The solution is a constraint-based search. The whole design space can be described by 5 variables. An example is imposing a fat edge at a switch: #northbound links > #southbound links. They use this formulation to search a topology with a given capacity and optimal manageability objectives.

FatClique Evaluation

They designed highly optimized placement algorithm, topology expansion algorithm, topology search algorithm for each topology families. They evaluate different topology families in large scale. FatClique performs best in all deployment complexity metrics.

Also, FatClique is as good as expanders. It only uses 3 or 4 expansion steps even when the residual capacity requirement is tight. For Clos, the residual capacity requirement is very high and requires more than 20 steps to expand the whole topology. Thus, FatClique enables higher availability.

In particular, FatClique uses 50% fewer switches, 33% fewer patch panels than Clos at large scale, 23% lower cabling cost, and can permit fast expansion while degrading network capacity by small amounts (2.5 - 10%), while Clos can take 5x longer to expand the topology, each Clos expansion step requires 30-50% more links to be rewired at each step per patch panel.

Strengths & Weaknesses

Strengths

This work is a first step towards designing for manageability, which is a critical dimension in data center topology design. The paper designs several metrics to quantify the management complexity. The paper uses the principles learned from the existing topology families, to design a new topology family with same-performance and faring well in all the management complexity metrics.
The study developed quite a few optimal algorithms for various competing topology families: Clos generation, Jellyfish placement, FatClique expansion, optimal expansion solutions for Clos, FatClique topology synthesis and also quantified other properties of the topologies: Spectral Gap to approximate Edge Expansion, and number of shortest paths between two ToR switch from different pods in Clos and computing the number of paths no longer than this in other topologies to compute the path diversity. Jellyfish, Xpander and FatClique have similar and higher path diversity than Clos, and have shorter paths than Clos.

Weaknesses

The theoretical metric to quantify latency is network diameter. Even though FatClique has a smaller diameter, but does not have many shortest paths. This study has not considered practical routing in their design, and so cannot conclude about the latency for FatClique.
Even though the management complexity metrics they come up with aids in deciding about competing topology designs, it would be more helpful if the study could get cost-performance numbers for each design.

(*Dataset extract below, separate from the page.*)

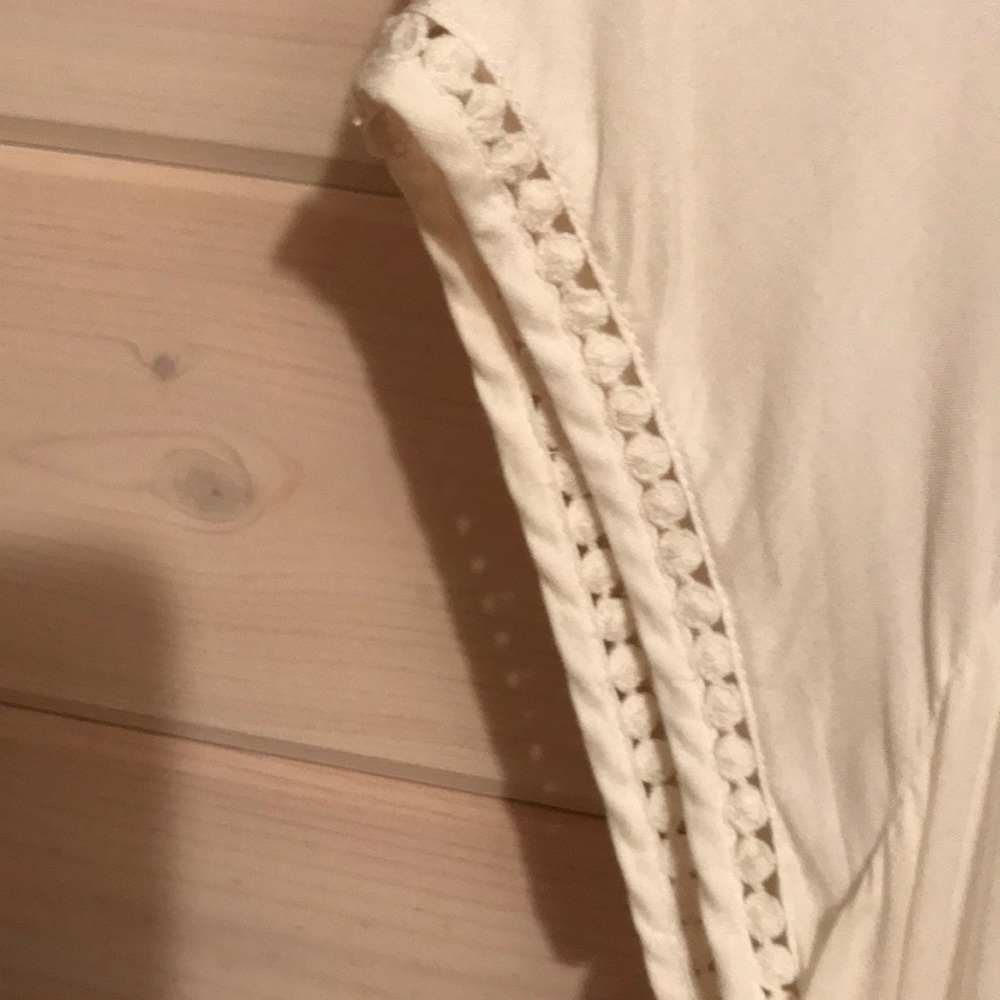 Blouse - Picture 4 of 5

Big data center operators could provide some ballpark numbers for translating the complexity metrics to cost, and then the cost-performance curves would be interesting to study.

Future Work

The paper leaves good pointers for further work on manageability of data center topology designs:

Topology Oversubscription. The study only considers topologies with an over-subscription ratio of 1:1. Jupiter permits over-subscription at edge, but there is anecdotal evidence that providers also over-subscribe at higher levels in Clos topologies. To study manageability of over-subscribed networks, it is necessary to design over-subscription techniques in FatClique, Xpander and Jellyfish to have a fair comparison.
Topology Heterogeneity. Topologies accrue heterogeneity over time: new blocks with higher radix switches, patch panels with different port counts etc. These complicate lifecycle management. Data-driven models need to be developed for how heterogeneity accrues in topologies over time and complexity metrics need to be adapted.
How to deal with other network management problems like control plane complexity, network debug-ability, practical routing for FatClique?